ENTRIES SUPPLIED START

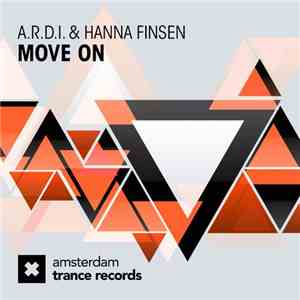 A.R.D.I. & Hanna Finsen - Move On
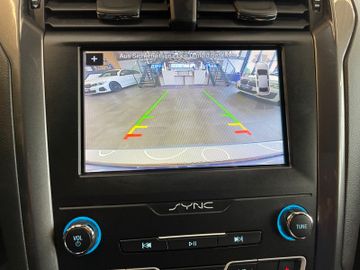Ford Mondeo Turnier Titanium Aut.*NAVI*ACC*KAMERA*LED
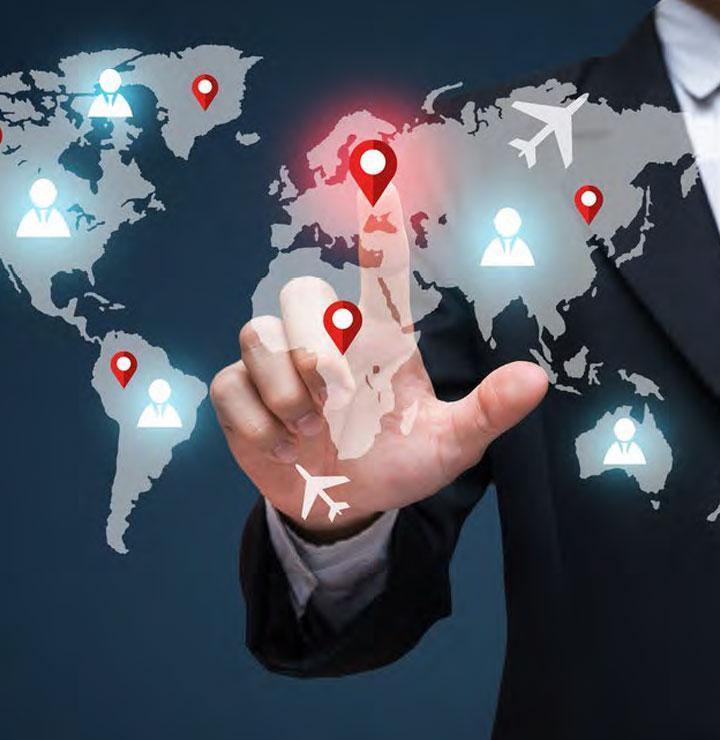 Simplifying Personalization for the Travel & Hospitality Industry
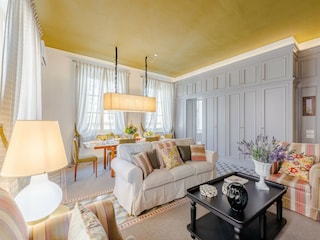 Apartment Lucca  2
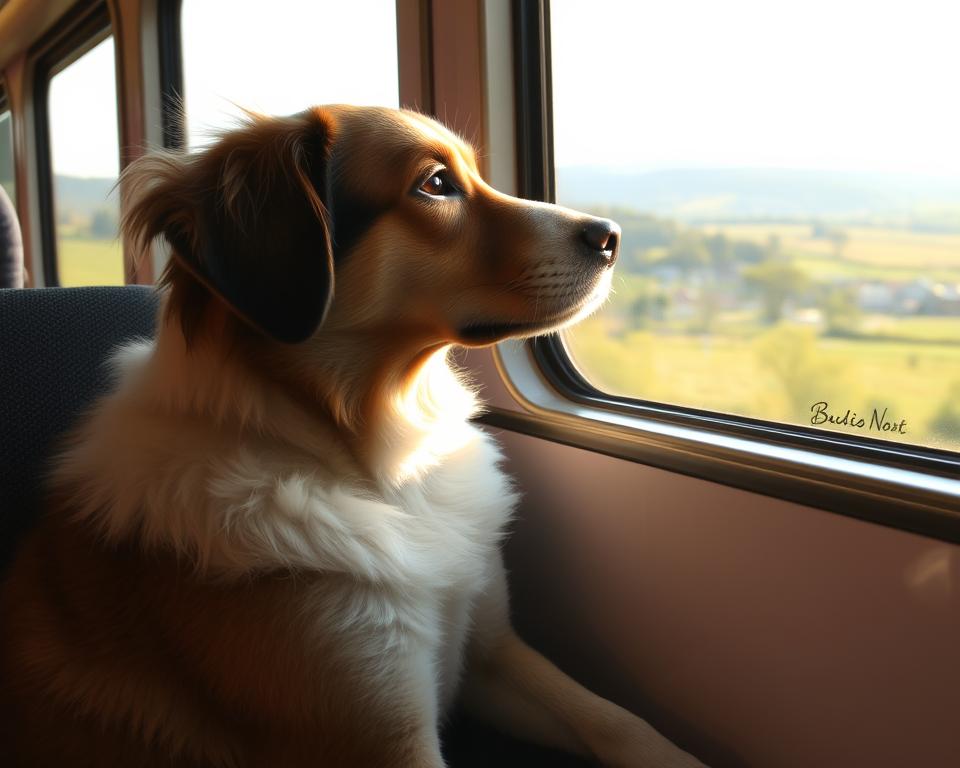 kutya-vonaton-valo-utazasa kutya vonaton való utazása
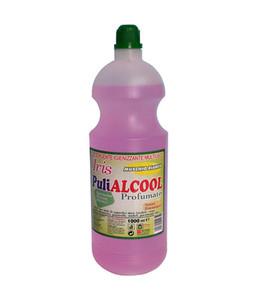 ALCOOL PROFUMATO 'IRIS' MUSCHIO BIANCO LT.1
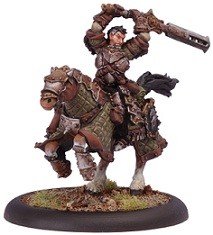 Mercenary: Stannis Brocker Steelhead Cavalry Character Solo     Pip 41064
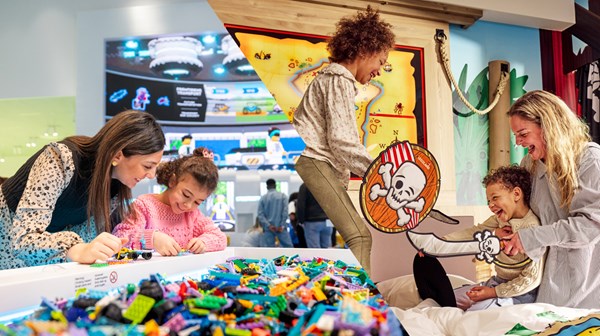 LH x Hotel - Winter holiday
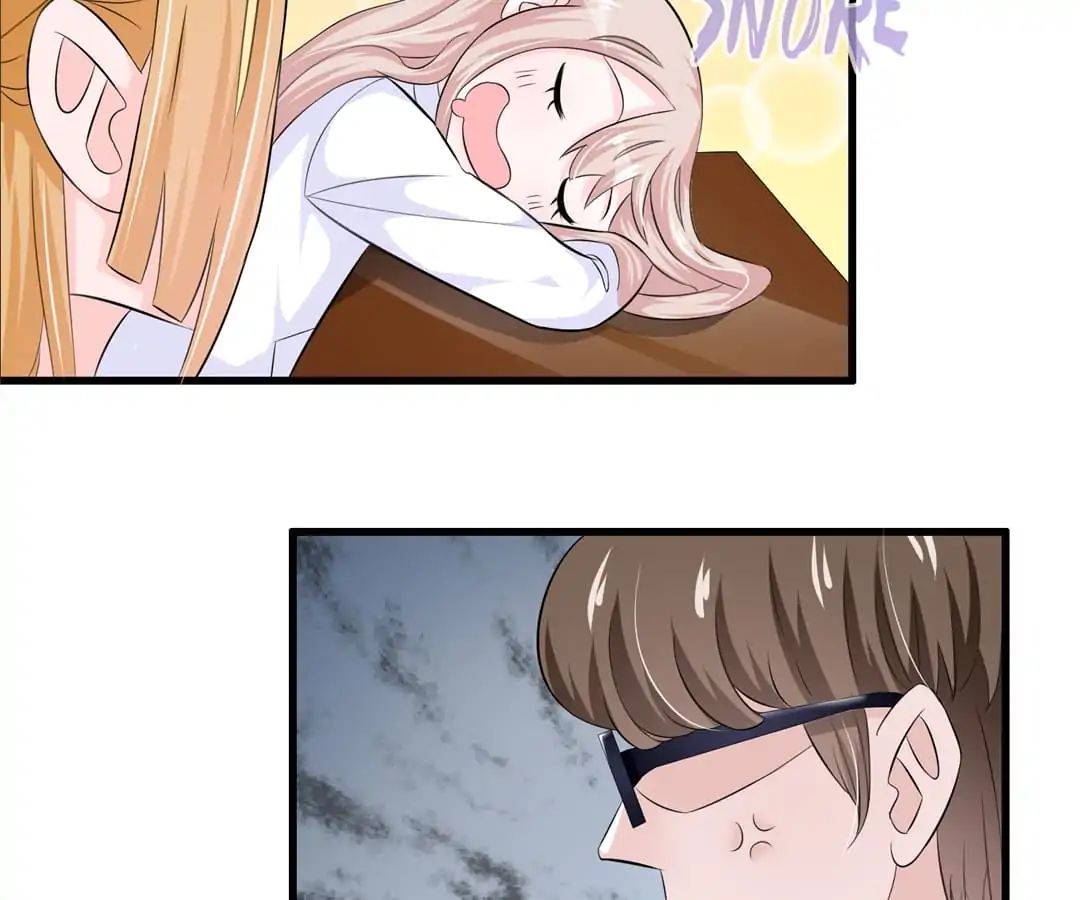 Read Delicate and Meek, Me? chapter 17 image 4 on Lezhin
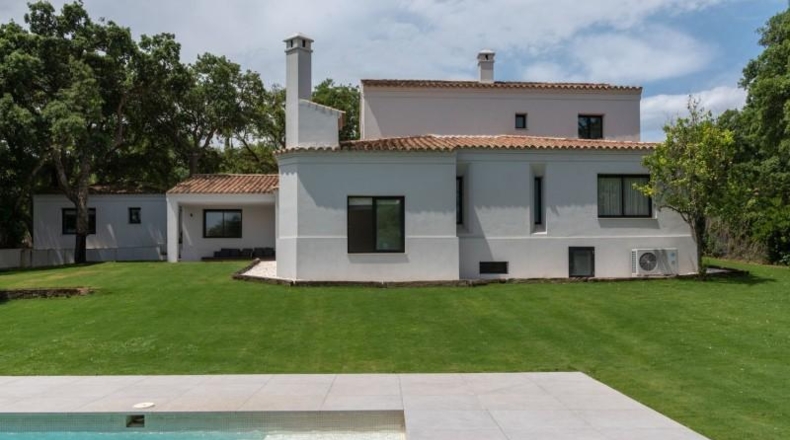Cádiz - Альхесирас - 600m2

ENTRIES SUPPLIED END
ENTRIES SUPPLIED START

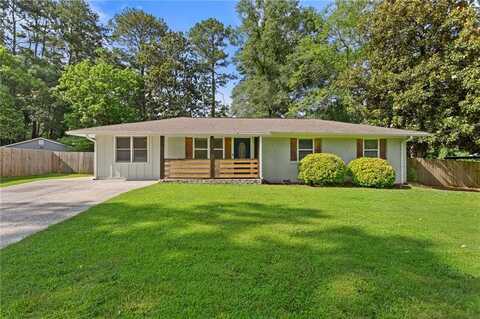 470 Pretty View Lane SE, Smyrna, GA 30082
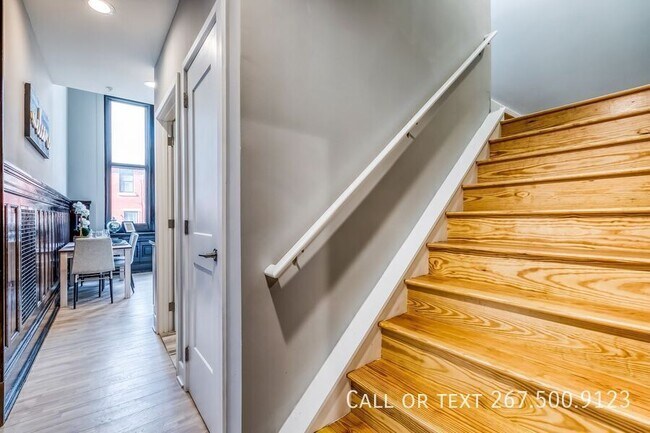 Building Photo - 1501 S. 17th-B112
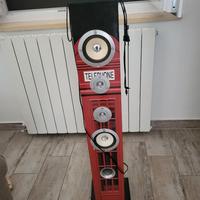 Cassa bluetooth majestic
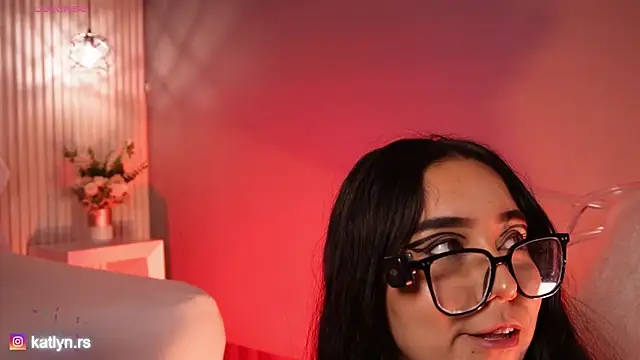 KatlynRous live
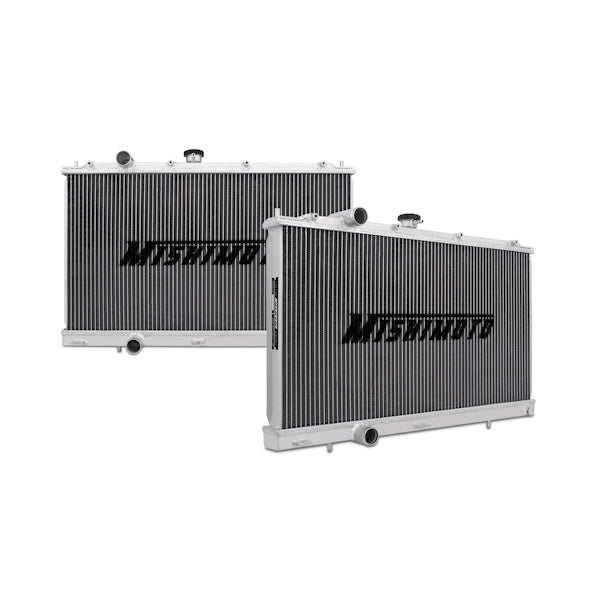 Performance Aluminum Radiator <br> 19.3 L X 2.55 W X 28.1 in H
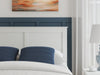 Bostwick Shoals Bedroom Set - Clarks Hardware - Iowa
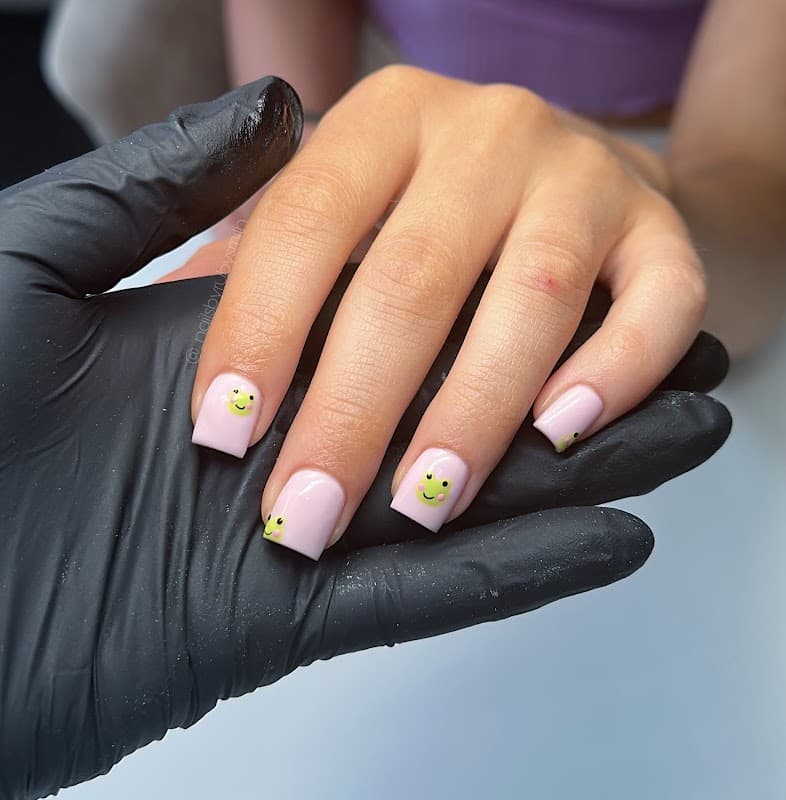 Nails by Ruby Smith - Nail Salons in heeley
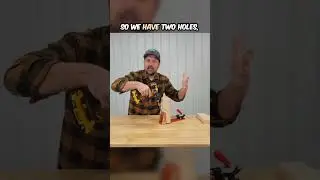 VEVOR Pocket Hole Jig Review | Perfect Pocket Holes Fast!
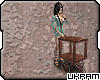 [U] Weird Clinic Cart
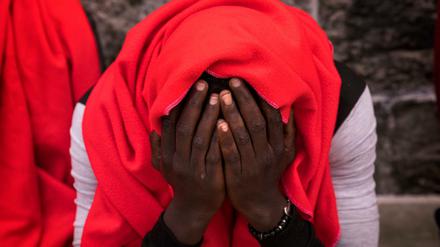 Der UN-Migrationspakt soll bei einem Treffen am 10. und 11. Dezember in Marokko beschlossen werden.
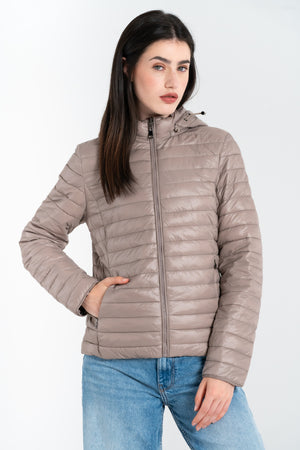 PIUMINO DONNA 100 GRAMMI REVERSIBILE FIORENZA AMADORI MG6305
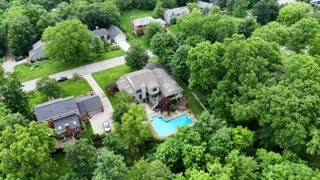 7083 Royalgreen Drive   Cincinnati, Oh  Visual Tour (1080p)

ENTRIES SUPPLIED END
ENTRIES SUPPLIED START

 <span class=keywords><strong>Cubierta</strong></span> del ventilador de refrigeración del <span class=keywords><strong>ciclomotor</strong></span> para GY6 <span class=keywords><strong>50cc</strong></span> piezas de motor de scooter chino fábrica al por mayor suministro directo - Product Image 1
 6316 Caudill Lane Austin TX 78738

ENTRIES SUPPLIED END

PROBLEM TO SOLVE
Everything from the line with "A.R.D.I. & Hanna Finsen - Move On" down to the line with "Cádiz - Альхесирас - 600m2" in the data above should be copied exactly, with both end lines kept and the pictures left out.

RESPONSE FOR THIS EXERCISE
 A.R.D.I. & Hanna Finsen - Move On
Ford Mondeo Turnier Titanium Aut.*NAVI*ACC*KAMERA*LED
 Simplifying Personalization for the Travel & Hospitality Industry
 Apartment Lucca  2
 kutya-vonaton-valo-utazasa kutya vonaton való utazása
 ALCOOL PROFUMATO 'IRIS' MUSCHIO BIANCO LT.1
 Mercenary: Stannis Brocker Steelhead Cavalry Character Solo     Pip 41064
 LH x Hotel - Winter holiday
 Read Delicate and Meek, Me? chapter 17 image 4 on Lezhin
Cádiz - Альхесирас - 600m2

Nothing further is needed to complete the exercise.